Short descriptive text snippets
········

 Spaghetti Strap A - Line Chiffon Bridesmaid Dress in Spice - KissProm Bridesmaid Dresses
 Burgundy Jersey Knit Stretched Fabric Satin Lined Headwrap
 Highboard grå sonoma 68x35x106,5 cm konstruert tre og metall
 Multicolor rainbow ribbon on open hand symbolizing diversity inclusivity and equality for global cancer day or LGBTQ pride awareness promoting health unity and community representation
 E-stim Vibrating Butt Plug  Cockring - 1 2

········

Goal of the exercise:
Reproduce all of the entries verbatim.

Answer to this task:
 Spaghetti Strap A - Line Chiffon Bridesmaid Dress in Spice - KissProm Bridesmaid Dresses
 Burgundy Jersey Knit Stretched Fabric Satin Lined Headwrap
 Highboard grå sonoma 68x35x106,5 cm konstruert tre og metall
 Multicolor rainbow ribbon on open hand symbolizing diversity inclusivity and equality for global cancer day or LGBTQ pride awareness promoting health unity and community representation
 E-stim Vibrating Butt Plug  Cockring - 1 2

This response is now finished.